“I’ll miss this face.” Althea’s eyes trailed across every detail of my face. I sensed her drink me in with her gaze. “How long will it last?”
Her question was not for me, but for Eroan.
“It is reversible only by the one who crafts the glamour,” Eroan answered. “As long as Robin comes back a victor, and I’m still breathing, it will be reversed.”
“Then you better stay alive,” Duncan added, casting a hateful look at the bundle of flesh hidden beneath the sheet. “You’ve just become the second most important man in my life.”
Eroan couldn’t hide his blush.
I hadn’t allowed myself to dwell on the new addition to my original plan. It had always involved a glamour and infiltration. But the face I was to take had only become a recent addition to my ever-changing plot. In my mind, there was no other option. It was practically handed to me on a silver platter.
“Let us leave them to concentrate,” Gyah announced, urging Althea toward the exit of the room with a firm hand. “It’s frowned upon to interrupt the artist who works on their finest piece.”
Eroan waited for the great doors to clang shut behind them before addressing me again. “I’m ready to begin when you are, Robin.”
“Let’s begin then,” I replied, focusing entirely on the covered body, not prepared for what I’d see when the sheet was finally taken off.
“Are you sure?” Eroan persisted. “I ask only a final time.”
“Not at all,” I replied honestly, forcing a wavering smile. “But this is my only option.”
“I’m here,” Duncan said. “And I’m not going anywhere.”
I wondered if he would feel the same way when this was done.
“I am going to stay, too,” Erix said, voice as sharp as steel. “Little bird, you are not alone.”
Altar. Hearing those words were all I needed.
“You are going to need to sit for this,” Eroan said, edging his songful voice with command. “It’s best you are as still as you can be, so please try your hardest for me.”
I did as he asked, taking a seat in a chair provided.
Eroan rubbed his hands together. Then, with disgust drawn over his narrow face, he tugged at the white sheet covering the body and pulled it away. The material rippled onto the floor like water. Everything was silent as I took in the body laid out before him.
Until now, this idea had been a grand one. But looking at Kayne’s lifeless body filled me with nothing but dreaded regret.
CHAPTER 29
My guttural howls of agony drowned out the encouragement Duncan provided me. I heard him beneath my breathy moans and tight-lipped gasps, but that didn’t mean I listened. The more Eroan worked on me, the louder I became, until all of Wychwood likely heard my screams.

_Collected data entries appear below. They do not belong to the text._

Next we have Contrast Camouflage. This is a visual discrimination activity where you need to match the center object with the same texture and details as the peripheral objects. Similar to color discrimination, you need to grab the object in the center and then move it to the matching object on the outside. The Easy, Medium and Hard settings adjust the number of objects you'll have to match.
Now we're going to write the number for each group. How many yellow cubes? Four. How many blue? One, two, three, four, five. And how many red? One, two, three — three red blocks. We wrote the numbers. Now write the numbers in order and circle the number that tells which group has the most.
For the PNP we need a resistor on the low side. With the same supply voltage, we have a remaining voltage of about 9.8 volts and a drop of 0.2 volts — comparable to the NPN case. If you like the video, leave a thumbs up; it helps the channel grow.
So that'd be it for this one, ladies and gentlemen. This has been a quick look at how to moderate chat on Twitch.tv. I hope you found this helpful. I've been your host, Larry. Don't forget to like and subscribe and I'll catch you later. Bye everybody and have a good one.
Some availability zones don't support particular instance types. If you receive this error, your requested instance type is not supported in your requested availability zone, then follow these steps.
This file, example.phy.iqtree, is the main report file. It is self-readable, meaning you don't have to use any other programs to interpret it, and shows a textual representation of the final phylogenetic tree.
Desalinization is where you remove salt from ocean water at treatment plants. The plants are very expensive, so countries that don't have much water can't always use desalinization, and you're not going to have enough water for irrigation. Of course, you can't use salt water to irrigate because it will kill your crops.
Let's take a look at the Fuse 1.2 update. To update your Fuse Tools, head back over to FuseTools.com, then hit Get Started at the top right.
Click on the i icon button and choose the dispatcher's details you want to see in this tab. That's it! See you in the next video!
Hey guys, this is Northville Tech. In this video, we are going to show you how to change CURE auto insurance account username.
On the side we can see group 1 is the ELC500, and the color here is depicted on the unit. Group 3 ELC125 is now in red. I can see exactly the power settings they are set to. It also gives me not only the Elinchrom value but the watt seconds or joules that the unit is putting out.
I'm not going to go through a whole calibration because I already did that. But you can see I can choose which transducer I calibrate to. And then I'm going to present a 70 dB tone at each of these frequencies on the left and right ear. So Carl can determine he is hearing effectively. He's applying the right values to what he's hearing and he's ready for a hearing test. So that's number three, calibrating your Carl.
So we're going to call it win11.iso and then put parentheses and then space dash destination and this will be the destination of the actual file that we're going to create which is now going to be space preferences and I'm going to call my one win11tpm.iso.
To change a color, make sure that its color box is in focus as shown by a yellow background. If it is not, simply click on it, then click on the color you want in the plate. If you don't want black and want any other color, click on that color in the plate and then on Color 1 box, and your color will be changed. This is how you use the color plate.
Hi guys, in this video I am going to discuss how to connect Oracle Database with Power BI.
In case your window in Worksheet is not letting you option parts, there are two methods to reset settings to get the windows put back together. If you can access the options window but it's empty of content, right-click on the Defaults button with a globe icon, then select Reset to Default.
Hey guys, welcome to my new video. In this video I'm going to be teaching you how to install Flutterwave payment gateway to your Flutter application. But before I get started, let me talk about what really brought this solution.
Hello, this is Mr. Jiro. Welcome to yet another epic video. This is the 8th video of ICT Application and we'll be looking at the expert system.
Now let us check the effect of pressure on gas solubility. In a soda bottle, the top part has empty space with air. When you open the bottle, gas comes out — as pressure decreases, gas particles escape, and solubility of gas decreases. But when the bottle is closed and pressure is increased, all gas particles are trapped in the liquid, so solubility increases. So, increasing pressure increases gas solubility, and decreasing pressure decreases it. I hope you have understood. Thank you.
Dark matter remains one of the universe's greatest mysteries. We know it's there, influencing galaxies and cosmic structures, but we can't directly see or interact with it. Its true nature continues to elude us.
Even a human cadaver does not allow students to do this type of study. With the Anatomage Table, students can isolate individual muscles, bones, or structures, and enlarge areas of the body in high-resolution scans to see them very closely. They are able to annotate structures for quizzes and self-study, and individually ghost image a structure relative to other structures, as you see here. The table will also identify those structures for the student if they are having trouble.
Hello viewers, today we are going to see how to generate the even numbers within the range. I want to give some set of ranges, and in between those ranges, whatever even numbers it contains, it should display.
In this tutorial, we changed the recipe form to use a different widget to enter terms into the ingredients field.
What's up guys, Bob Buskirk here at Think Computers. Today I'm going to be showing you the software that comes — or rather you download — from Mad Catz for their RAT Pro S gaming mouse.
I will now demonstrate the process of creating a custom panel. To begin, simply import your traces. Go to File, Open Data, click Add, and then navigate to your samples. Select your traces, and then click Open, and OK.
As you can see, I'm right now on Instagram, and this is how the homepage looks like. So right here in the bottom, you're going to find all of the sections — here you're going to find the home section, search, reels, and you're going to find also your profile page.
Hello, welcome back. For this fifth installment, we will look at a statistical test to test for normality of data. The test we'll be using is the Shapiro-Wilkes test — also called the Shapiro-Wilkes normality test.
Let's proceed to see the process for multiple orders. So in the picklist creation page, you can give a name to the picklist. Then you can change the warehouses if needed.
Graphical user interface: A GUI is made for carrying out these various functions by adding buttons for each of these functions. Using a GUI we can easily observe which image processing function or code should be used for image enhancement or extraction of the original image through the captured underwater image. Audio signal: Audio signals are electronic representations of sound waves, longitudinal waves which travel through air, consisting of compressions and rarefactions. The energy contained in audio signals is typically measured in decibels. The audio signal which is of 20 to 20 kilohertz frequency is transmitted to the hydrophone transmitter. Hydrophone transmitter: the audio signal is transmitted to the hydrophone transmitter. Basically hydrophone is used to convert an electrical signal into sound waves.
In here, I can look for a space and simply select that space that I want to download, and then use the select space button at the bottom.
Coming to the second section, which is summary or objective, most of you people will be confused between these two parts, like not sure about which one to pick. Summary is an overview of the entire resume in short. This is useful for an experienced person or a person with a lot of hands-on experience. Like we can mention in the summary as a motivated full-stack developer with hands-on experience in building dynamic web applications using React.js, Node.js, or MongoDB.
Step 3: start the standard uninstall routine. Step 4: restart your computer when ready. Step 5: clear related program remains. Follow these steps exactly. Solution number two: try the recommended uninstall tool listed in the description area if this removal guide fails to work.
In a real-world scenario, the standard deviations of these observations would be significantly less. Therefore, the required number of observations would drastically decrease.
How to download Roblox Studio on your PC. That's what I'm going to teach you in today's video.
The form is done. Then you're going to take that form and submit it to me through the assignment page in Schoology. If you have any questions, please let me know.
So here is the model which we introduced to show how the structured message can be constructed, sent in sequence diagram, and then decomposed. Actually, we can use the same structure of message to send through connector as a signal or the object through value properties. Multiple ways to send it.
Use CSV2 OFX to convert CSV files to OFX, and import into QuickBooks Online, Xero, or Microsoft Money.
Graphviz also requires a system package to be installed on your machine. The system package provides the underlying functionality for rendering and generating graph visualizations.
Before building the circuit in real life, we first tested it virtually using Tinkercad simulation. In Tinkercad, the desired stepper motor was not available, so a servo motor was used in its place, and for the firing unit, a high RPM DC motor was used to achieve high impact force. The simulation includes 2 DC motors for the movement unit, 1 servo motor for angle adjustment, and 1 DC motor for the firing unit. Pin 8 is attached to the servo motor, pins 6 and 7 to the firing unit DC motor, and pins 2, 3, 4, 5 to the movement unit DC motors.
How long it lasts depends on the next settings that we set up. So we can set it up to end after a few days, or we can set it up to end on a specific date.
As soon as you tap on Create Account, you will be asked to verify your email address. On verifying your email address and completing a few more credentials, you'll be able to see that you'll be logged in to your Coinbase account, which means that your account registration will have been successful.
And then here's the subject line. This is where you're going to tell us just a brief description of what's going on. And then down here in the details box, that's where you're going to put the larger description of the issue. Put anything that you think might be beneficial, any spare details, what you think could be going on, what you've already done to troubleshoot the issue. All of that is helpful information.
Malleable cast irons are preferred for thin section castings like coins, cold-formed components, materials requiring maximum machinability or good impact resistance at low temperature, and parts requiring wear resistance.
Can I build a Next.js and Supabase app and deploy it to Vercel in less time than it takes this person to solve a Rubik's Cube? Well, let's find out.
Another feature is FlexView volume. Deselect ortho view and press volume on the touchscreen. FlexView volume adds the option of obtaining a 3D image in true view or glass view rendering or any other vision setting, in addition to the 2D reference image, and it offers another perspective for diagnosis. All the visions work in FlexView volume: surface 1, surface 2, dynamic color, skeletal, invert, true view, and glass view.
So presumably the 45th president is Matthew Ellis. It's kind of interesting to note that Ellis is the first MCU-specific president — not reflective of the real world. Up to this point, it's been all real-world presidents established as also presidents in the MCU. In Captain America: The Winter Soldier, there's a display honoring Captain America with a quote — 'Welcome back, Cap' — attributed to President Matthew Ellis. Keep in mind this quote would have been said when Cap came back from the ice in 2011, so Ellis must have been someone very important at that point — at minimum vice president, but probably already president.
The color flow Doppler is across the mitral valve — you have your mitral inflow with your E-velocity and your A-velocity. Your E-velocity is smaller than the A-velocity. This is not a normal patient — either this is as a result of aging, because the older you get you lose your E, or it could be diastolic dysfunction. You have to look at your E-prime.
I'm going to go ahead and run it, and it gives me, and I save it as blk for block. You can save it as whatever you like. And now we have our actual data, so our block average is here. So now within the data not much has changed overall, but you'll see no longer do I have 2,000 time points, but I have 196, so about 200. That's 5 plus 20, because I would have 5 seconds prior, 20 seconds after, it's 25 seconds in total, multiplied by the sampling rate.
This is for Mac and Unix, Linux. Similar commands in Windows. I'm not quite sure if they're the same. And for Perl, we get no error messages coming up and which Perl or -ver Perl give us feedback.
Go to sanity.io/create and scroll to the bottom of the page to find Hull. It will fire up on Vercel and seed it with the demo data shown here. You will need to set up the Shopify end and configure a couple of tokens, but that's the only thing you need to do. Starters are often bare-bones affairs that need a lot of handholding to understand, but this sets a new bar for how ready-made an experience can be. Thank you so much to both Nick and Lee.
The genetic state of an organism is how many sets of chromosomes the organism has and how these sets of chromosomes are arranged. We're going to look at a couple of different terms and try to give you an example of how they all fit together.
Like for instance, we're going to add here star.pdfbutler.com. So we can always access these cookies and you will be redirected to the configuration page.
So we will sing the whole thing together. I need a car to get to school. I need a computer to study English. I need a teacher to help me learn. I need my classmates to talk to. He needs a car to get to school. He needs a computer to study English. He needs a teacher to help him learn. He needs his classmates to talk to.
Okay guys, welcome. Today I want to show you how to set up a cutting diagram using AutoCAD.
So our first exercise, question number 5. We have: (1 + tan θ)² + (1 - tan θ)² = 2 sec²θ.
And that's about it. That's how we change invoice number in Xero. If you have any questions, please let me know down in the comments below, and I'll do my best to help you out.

The process felt as though my bones shattered and my skin was being continuously split apart. I dared not open my eyes for fear I’d find my flesh melting over Eroan’s hands as he brushed tender fingers over my face, like the paintbrush of an artist.
“Can you give him a moment?” Duncan snapped.
I squeezed his hand, barely registering the click of his fingers beneath my force. If it wasn’t for the precautionary band of iron clasped around my wrist, there would’ve been nothing stopping my power from rising to protect me.
“No.” I heard the fury embedded in Eroan’s reply. He was breathless, as though he climbed the face of a mountain. “If I stop, there is no saying how disjointed the glamour will be. Please, allow me to… focus. Or leave until it is over.”
“It’s fine,” I hissed through gritted teeth. “I’m fine.”
Of course it was a lie, but Duncan couldn’t refuse me.
Instead, Duncan leaned his forehead into my shoulder. I risked a peak and saw no blood, melted flesh or destruction. There was nothing to suggest I should’ve been in so much torture. Eroan’s fingers were feather-light, but where he touched, it was as though he left ruin in his wake.
Gritting my teeth, I leaned into the pain and focused on the body before me. Kayne’s head was turned slightly to face me. His wide eyes were all-seeing. His skin was an ashen grey. I expected him to blink or move. He didn’t. Every now and then, Eroan would turn back to look at Kayne, pausing his work and studying the lines of his face and the details that one would only see up close. Freckles, old scars, the tone of hair and the length of eyelashes. Those moments of painless peace were short-lived. Eroan reached for me again, fingers prepared to mould my face into one that no longer looked like mine I focused on keeping my heart beating.
If I wanted to succeed, this had to work. The glamour was about to make me look like Kayne, to steal his face and use it as my own. Our key into the heart of Aldrick’s base – close enough to kill him.